Writing Fighting Words
In November 1861, a woman named Julia Ward Howe and her husband visited Washington, D.C. While there, Howe, a published poet, heard Union troops belting out a well-known marching song called “John Brown’s Body,” after the famous abolitionist, John Brown. A preacher standing with Howe encouraged her to write new lyrics to the tune.
“I replied that I had often wished to do so,” Howe later wrote.
I… awoke the next morning in the gray of the early dawn, and to my astonishment found that the wished-for lines were arranging themselves in my brain. I lay quite still until the last verse had completed itself in my thoughts, then hastily arose, saying to myself, I shall lose this if I don’t write it down immediately.
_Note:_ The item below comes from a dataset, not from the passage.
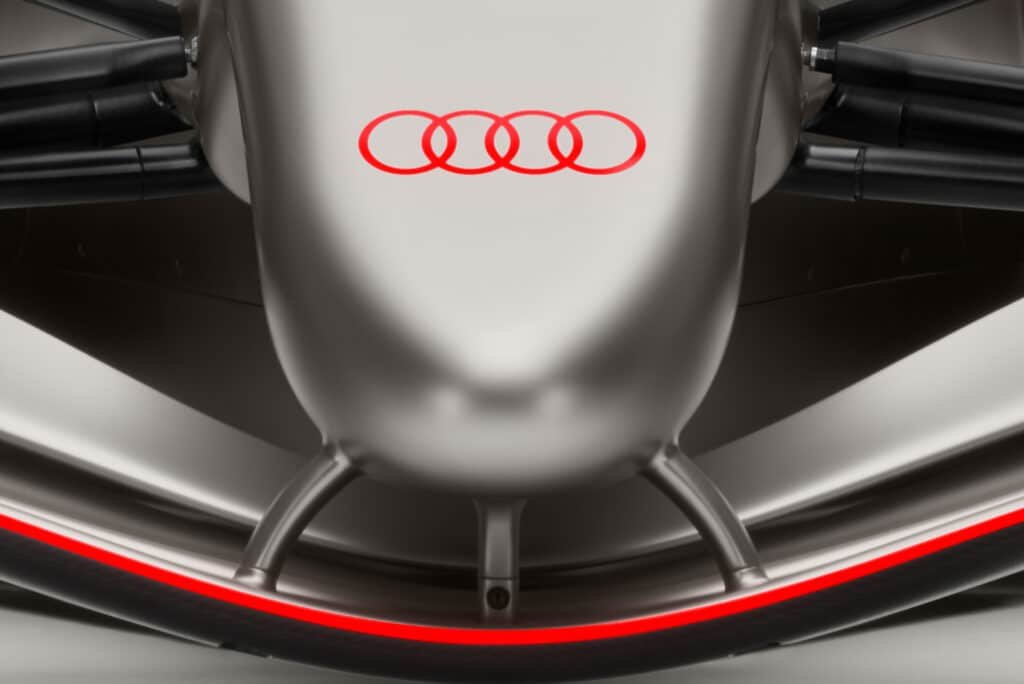 Front view of a sleek, futuristic car with a metallic finish and the Audi logo prominently displayed.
I… began to scrawl the lines almost without looking…. Having completed this, I lay down again and fell asleep, but not before feeling that something of importance had happened to me.”
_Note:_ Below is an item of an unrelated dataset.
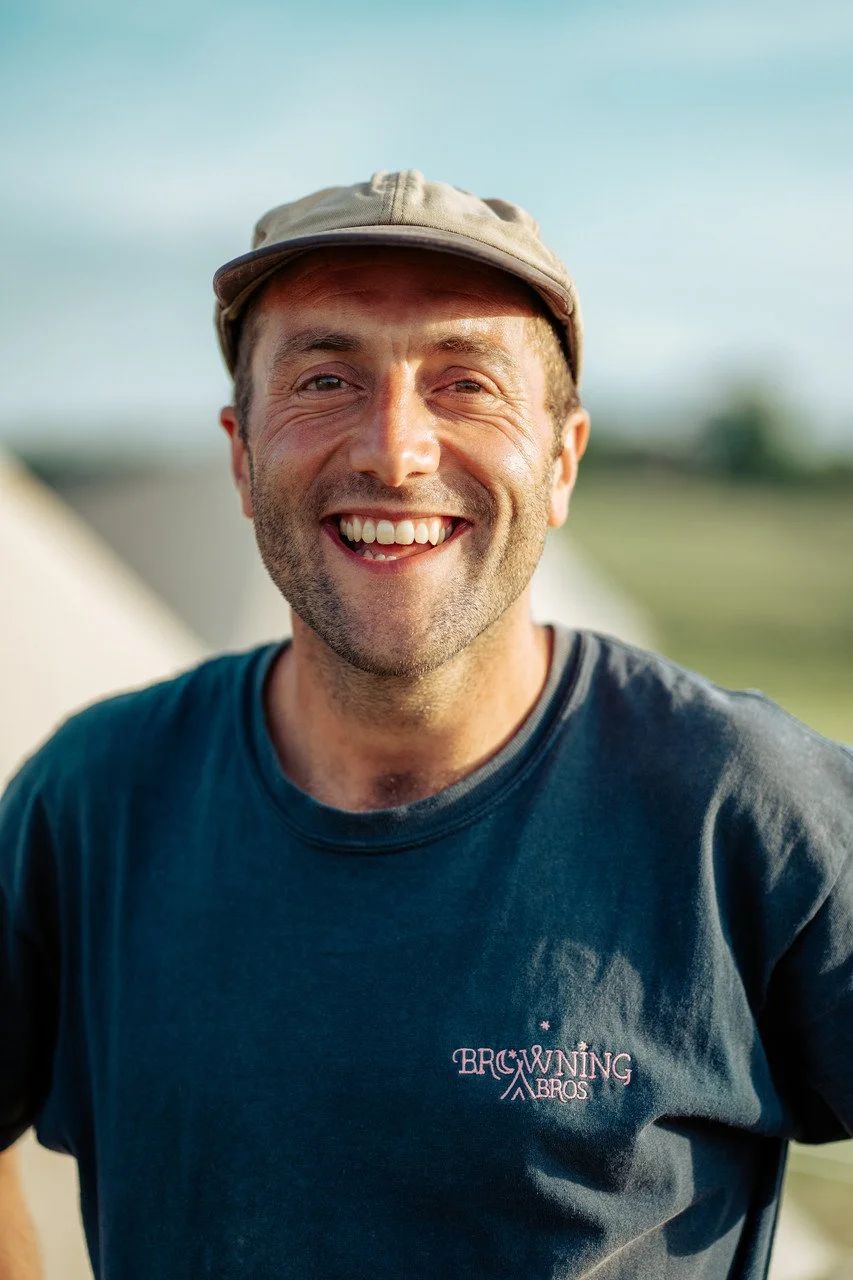 Smiling man wearing a cap and a Browning Bros T-shirt outdoors.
That “something of importance” proved to be the words to the “Battle Hymn of the Republic.” In February 1862, she sold her poem to the Atlantic Monthly, a well-known magazine, for five dollars.
The new song spread quickly through the Union armies and was adopted by Union supporters who wanted to teach the southern rebels a lesson. (Oddly, it had been a southerner named William Steffe who had written the original music.) Howe’s version was packed with Biblical imagery and phrasing.
Mine eyes have seen the glory of the coming of the Lord:
He is trampling out the vintage where the grapes of wrath are stored;
He hath loosed the fateful lightning of His terrible swift sword:
His truth is marching on.
(Chorus)
Glory, glory, hallelujah!
Glory, glory, hallelujah!
Glory, glory hallelujah!
His truth is marching on.
Howe took dead aim at slavery in her lyrics. She and her husband were strong anti-slavery activists, called abolitionists. Included in one verse of the hymn were the words “let us die to make men free”—to fight to end slavery, in other words. Howe’s new words also angered southerners. Not only did the song sing for an end to slavery, this “hymn”—a holy, church song—claimed that God was on the North’s side.